Outro movimento paradoxal ocorre: borram-se as fronteiras entre ciência e tecnologia. Essa alteração abre espaço para novos imaginários: utopias e distopias. A corrosão do mundo pela técnica assume o palco das distopias de Huxley, Orwell e Zamiatin. Ao mesmo tempo, a ironia começa a tomar o centro dos debates entre ciência, literatura e vida (Mann, Brecht, Dürrenmatt, Musil).
O livro havia começado com a famosa parábola de Tchekhov, em uma de suas cartas a Suvórin, editor de um dos jornais para os quais colaborava. Por meio dela, o médico escritor diz que a medicina e a literatura são, respectivamente, sua esposa e sua amante. E o livro finaliza com a conhecida imagem do físico e escritor Charles Percy Snow sobre as duas culturas: a cultura das ciências humanas e a cultura das ciências da natureza.
Estas duas culturas se bifurcaram de modo aparentemente irreversível em algum momento da história. Seria possível reconciliá-las? A imagem de Snow tem servido de base para todo debate atual sobre transdisciplinaridade. Duran parte dela para dissecar as relações entre ciência e literatura nos últimos cinquenta anos.
Avaliação
O livro de Duran é excepcional. Um dos melhores livros de divulgação científica que já li.

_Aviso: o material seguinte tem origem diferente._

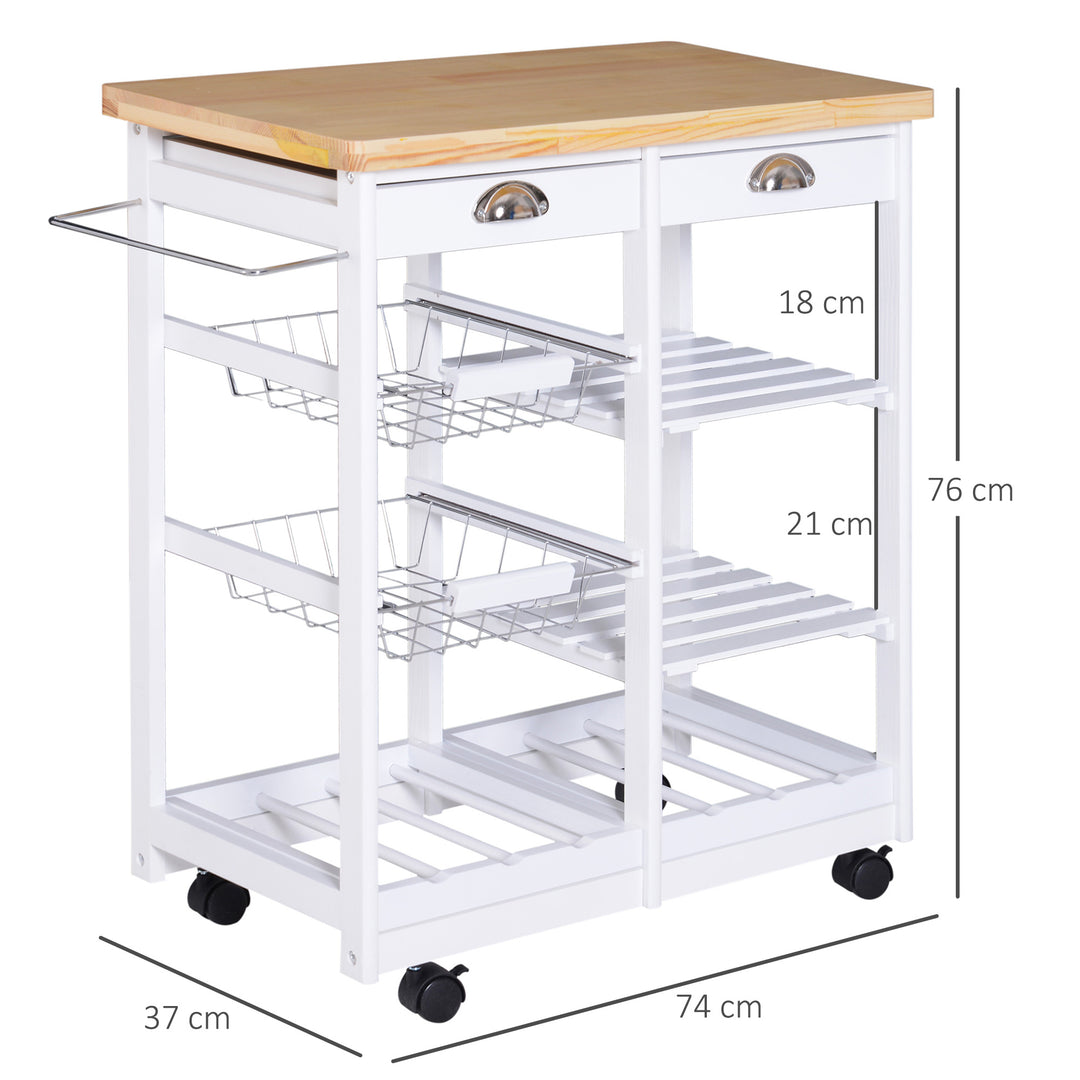 Rolling Kitchen Island Trolley Cart Drawer Shelves Basket Wheels W/  6 Bottle Wine Rack White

É erudito, amplamente documentado, fluente, didático, e bastante extenso em suas referências artísticas, técnicas, literárias e científicas. O autor, químico de formação, demonstra um profundo domínio de ambos os campos, da literatura e das ciências, o que é louvável e difícil de se ver. À guisa de complementação, seria bem importante se o autor incluísse mais escritoras e cientistas mulheres em seu repertório. E criasse um capítulo relativizando o conceito de ciência e de tecnologia europeias a partir de tradições não-ocidentais. A despeito disso, o livro é valioso e merece muito ser traduzido e publicado no Brasil.
Autor
Xavier Duran é licenciado em Ciências Químicas e doutor em Ciências da Comunicação pela Universidade Autónoma de Barcelona. Colabora com inúmeros jornais e revistas. De 1999 a 2014 dirigiu o programa El Medi Ambienti da TV3 e atualmente é redator especializado em serviços informativos nessa cadeia televisiva. Ganhou vários prêmios literárias do gênero ensaio – Joan Fuster, Joseph Vallverdú (duas vezes) e Joaquim Xirau –, de narrativa – Marià Vayreda – e de divulgação – Prêmio Europeo de Divulgación Científica Estudi General (duas vezes). É autor de mais de 30 livros de ciência e divulgação científica. O livro La Ciència en la literatura (versão catalã o livro em questão) foi ganhador do Premio Crítica Serra d`Or de Investigación em 2016.
O livro recebeu o Premio Nacional de Edición Universitaria como melhor obra de divulgação científica em 2019.